Tuesday, February 28, 2017

Red Mars, by Kim Stanley Robinson

When it comes to sci-fi, the kinds of novels I enjoy most present a believable future.  Kim Stanley Robinson's Red Mars fits the bill.  First published in 1993, Red Mars is still timely, perhaps even more so today.  Red Mars begins after some of the first human expeditions to Mars, starting with the first group of permanent colonists, a multi-national group of 100 scientists.  The novel is epic in scope, tracing the history of Mars for several decades.

On the plus side, Robinson's literary feat in Red Mars is admirable.  The details he provides and weaves into the story, from the small-scale technical details of interplanetary travel and the logistics of Mars colonization, to the large-scale early stages of terraforming and tracing Martian geography, reveal a stunning background and commitment to realism.  I think current technology would make most of what he writes in the early part of the book, regarding travel to Mars and the first stages of colonization, completely doable.  And the latter stages, using robotic tools and nanotechnology, is surely not that far-fetched.  There were times that I thought he made things seems a little too easy, but it is fiction after all.

On the negative side, the novel dragged on for me.  It's less than 600 pages, but sometimes it felt like twice that.  The decades-long time span and the lack of a narrative thread made me lose interest.  I started this book with the intention of reading the whole trilogy (He followed Red Mars with Green Mars and Blue Mars.), but I'm not sure I could last through the next two.  I am curious about the continued terraforming process, and about what sort of political relationship develops between Mars and Earth.  But there are too many other books I want to read. . . .

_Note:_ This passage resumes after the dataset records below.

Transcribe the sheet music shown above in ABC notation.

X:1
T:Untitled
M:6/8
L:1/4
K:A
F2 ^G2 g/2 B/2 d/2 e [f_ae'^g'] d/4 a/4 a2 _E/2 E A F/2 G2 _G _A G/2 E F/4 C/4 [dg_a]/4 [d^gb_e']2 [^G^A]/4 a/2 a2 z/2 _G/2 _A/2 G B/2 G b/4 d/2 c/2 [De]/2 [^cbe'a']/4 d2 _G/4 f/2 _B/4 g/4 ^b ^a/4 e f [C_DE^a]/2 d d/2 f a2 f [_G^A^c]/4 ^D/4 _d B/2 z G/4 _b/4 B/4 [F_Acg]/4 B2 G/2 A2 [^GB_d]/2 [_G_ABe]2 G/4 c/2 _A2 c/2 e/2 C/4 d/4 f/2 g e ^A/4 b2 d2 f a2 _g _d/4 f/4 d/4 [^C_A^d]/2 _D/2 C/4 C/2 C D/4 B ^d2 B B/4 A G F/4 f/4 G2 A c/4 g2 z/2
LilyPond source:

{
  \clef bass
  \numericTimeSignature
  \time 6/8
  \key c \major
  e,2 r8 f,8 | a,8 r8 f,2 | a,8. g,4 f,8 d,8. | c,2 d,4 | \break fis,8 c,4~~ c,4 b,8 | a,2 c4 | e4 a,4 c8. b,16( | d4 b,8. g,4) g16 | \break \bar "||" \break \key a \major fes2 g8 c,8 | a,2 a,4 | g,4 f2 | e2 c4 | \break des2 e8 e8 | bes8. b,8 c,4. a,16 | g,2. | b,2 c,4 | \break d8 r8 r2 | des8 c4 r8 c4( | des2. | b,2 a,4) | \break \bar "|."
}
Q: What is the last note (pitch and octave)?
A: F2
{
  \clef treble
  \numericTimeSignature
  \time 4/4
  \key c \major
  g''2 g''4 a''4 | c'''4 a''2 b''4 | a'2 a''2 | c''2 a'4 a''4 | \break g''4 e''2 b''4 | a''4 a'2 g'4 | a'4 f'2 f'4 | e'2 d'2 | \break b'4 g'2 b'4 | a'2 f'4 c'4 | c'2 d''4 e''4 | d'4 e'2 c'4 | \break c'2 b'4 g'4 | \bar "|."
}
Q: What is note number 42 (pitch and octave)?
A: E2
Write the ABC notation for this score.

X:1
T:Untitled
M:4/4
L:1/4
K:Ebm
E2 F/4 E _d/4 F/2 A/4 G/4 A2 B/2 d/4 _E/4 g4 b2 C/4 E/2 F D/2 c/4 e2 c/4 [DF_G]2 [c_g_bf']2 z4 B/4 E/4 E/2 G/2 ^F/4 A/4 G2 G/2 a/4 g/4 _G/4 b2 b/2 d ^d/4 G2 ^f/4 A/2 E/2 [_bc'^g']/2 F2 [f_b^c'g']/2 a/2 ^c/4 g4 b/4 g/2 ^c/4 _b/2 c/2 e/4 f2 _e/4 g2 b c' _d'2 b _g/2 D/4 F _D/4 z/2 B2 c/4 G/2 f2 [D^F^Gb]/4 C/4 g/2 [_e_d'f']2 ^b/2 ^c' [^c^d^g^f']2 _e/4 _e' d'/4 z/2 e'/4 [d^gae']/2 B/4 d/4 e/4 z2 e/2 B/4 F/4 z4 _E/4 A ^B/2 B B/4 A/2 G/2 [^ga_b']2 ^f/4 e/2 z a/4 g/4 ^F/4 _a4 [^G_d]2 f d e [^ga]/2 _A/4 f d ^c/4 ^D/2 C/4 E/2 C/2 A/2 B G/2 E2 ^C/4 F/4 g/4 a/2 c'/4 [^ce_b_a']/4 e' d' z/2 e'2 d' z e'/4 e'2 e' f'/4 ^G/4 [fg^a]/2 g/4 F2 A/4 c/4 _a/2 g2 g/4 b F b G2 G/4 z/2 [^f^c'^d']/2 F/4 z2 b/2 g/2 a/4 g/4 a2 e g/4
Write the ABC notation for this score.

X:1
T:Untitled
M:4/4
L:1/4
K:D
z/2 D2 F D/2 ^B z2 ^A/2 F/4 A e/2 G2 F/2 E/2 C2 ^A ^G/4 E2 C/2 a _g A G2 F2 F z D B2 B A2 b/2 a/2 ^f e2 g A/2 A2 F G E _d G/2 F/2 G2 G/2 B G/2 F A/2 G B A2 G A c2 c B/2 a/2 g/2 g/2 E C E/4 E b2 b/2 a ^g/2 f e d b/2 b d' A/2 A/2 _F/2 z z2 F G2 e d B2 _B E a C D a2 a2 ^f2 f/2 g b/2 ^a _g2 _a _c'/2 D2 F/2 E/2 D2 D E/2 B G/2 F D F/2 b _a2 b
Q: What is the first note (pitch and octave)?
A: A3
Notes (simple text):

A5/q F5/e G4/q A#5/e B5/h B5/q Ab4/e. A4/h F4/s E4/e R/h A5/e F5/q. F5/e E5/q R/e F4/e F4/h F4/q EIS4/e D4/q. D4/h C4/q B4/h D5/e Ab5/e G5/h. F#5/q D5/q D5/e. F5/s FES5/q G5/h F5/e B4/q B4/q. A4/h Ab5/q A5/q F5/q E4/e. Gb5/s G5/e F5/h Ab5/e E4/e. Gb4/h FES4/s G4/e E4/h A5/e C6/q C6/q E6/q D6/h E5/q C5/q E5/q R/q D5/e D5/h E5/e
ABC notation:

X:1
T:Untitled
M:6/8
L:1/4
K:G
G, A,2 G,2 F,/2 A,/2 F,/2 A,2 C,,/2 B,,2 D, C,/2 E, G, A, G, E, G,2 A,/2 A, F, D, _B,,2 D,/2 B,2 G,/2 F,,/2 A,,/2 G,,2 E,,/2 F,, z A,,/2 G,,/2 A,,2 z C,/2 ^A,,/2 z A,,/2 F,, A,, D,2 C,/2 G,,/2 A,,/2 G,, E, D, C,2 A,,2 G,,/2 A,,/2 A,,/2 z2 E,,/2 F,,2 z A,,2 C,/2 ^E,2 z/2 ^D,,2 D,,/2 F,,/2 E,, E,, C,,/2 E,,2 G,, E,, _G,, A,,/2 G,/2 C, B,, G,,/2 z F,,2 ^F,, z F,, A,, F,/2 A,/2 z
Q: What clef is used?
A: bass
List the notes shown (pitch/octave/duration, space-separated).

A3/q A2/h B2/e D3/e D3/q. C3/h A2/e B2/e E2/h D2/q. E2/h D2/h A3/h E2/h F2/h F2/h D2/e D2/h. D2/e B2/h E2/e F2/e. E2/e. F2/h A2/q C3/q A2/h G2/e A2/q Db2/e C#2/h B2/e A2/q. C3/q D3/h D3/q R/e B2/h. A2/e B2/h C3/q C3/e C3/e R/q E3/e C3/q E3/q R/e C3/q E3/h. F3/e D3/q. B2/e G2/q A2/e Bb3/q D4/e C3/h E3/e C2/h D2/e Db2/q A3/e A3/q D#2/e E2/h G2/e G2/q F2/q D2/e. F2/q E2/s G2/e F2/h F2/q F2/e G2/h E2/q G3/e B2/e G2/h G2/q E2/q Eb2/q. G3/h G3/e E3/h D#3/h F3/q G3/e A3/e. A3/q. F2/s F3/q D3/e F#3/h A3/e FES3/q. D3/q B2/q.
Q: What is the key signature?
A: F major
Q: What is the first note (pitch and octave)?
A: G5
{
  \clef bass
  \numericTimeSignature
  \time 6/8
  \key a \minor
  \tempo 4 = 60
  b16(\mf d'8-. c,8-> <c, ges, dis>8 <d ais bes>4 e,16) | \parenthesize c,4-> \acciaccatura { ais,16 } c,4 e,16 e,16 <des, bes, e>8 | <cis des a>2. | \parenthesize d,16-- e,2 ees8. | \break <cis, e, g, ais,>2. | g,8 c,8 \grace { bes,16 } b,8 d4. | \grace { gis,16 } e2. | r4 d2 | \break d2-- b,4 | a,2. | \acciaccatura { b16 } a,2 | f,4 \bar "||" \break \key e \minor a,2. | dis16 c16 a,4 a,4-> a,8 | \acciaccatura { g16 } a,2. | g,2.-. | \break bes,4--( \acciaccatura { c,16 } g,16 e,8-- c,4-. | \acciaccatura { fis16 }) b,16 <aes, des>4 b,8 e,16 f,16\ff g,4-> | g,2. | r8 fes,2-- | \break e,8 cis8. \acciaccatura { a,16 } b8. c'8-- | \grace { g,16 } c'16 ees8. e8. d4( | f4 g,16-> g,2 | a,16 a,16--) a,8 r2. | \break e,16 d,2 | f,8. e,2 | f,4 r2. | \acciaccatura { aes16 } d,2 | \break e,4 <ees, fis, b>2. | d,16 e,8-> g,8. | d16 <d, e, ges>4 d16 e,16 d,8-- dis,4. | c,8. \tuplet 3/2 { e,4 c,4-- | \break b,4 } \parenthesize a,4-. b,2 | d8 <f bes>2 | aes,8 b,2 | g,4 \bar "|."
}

Robinson builds a believable future for mankind on Mars.  I could see at least the beginnings of his vision being realized in my lifetime.  He anticipates scientific, technological, sociological, psychological, logistical, and political problems and ramifications of the colonization and exploration of Mars.  In most cases, the descriptions and solutions are eminently believable.  In that sense, this is great sci-fi.  But in the broader sense, I found Red Mars to be long and dull.